A proposed change to the Dutch regime for Group Finance Companies (“GFCs”) would require a number of GFCs to apply for a banking licence. The change is part of the proposed 2015 Financial Markets Amendment Act (the “Draft Act”), which would come into force on 1 January 2015. Public consultation for the Draft Act has ended. De Brauw and a few other leading law firms participated in the consultation with the aim to safeguard the banking licence exception for GFCs. Our response can be found here.

Current regulatory regime
The EU banking directives contain a licence obligation for banks with a seat in the Netherlands. In addition, there is a prohibition on attracting repayable funds from the public in the Netherlands, regardless of the use of that funding.

The Financial Markets Supervision Act currently provides an exception from the banking licence requirement and the prohibition available to GFCs (i) attracting repayable funds through the offering of securities, and (ii) extending (i.e. on lending) at least 95% of the funds attracted from the public to group companies, provided that certain other requirements are met, notably relating to a guarantee of the GFC’s obligations.

Proposed changes
The most sweeping of the proposed amendments are:

  • The exception is not available if 5% or more of the funds obtained from the public, is extended (on lent) outside the group. It is not relevant which entity extends (on lends) the funds to borrowers outside the group. This may be the GFC, but it may also be another group entity. In both situations, funds may be extended outside of the group only if this stays below the 5% threshold.
  • The exception is not available if one or more group companies extend funds outside the group acting in a commercial capacity (e.g. a bank). It is unclear whether the Draft Act indeed intends to prohibit GFCs from being part of a group that also includes a bank, even if that bank were not to provide credit in an amount equalling 5% or more of the funds obtained by the GFC.
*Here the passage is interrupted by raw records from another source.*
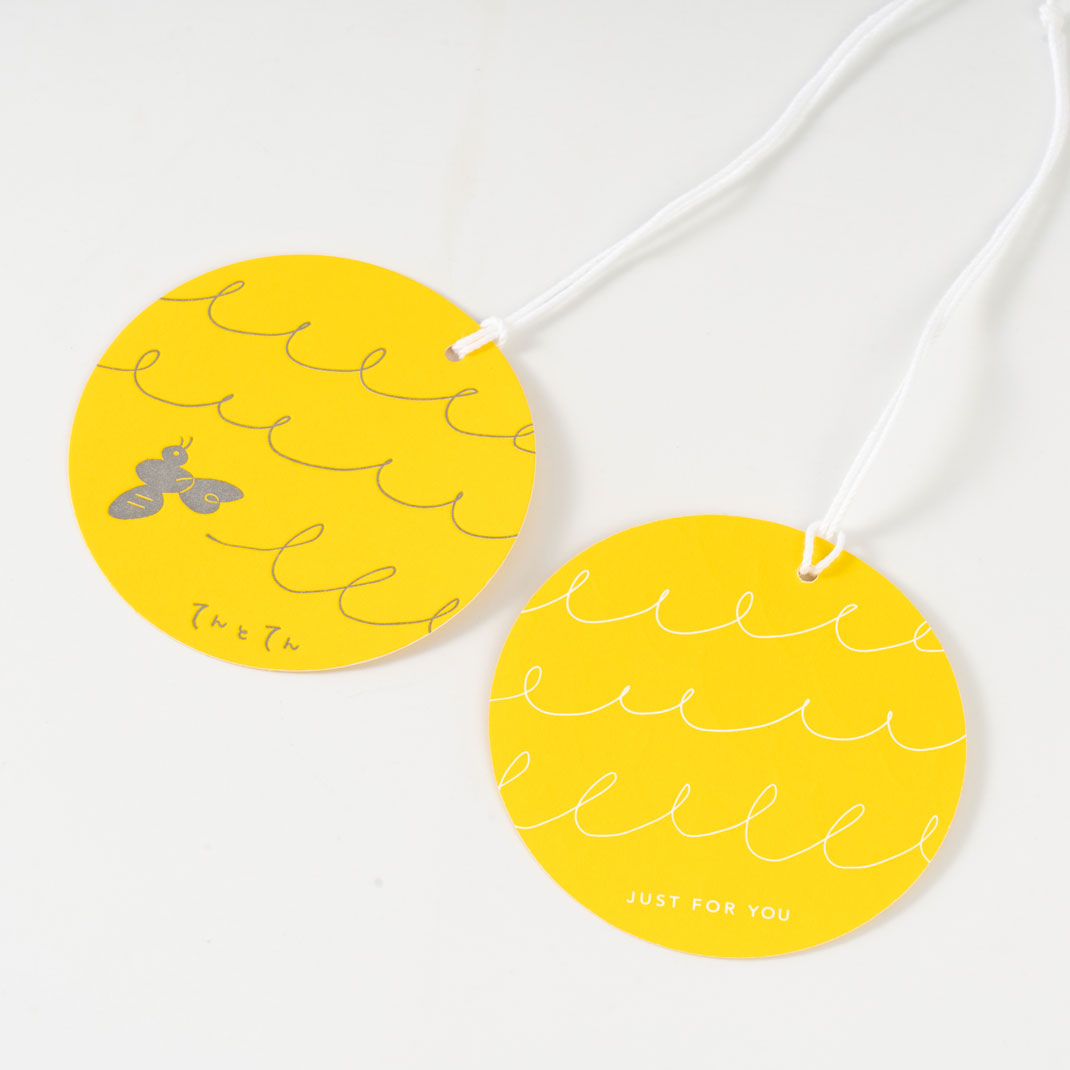 ラッピングバッグ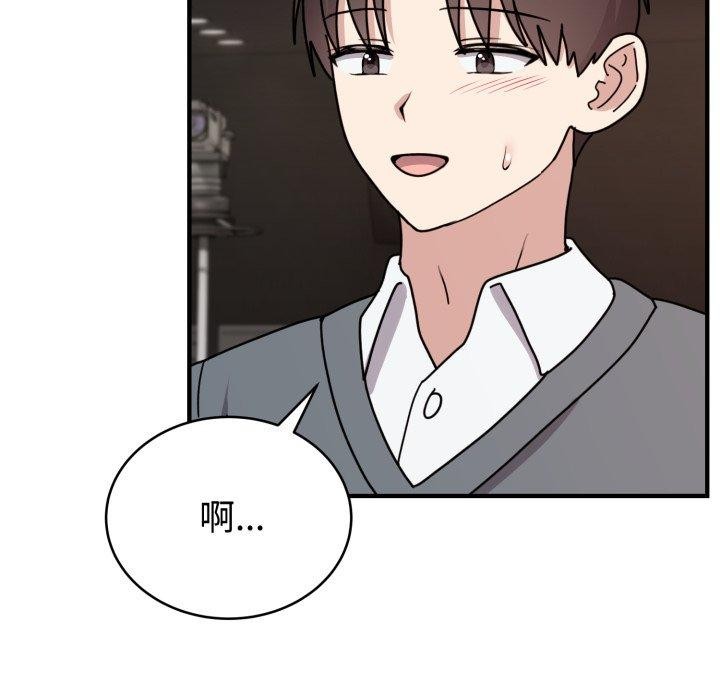 难言之秘第6話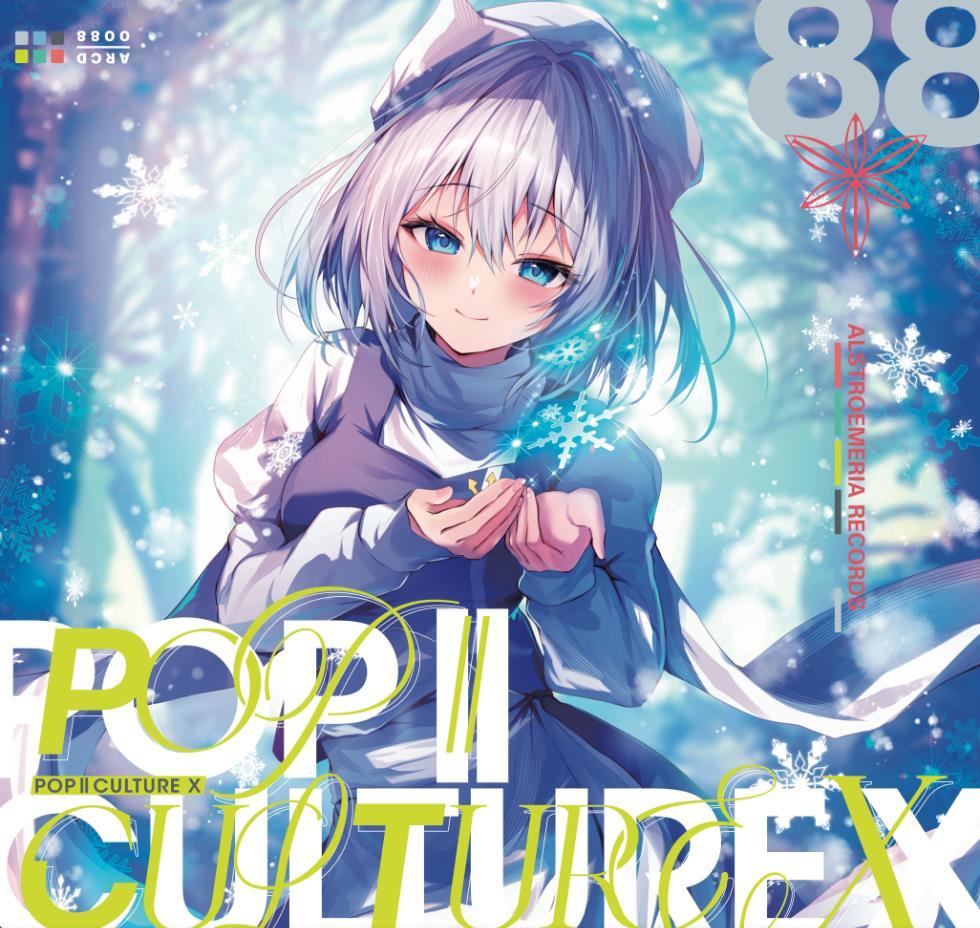 百歌缭乱 冽风 第五千四百八十一首1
If enacted as proposed, the new regime will apply to the attracting of funds after the Draft Act enters into effect. There should be no impact on prior transactions.

A GFC that only attracts funds from PMPs would not fall within the scope of the banking licence requirement or the prohibition on attracting repayable funds and would not need to rely on the exception. However, a GFC that obtains funds from the public after the Draft Act enters into effect will need a banking licence if it does not meet the new requirements.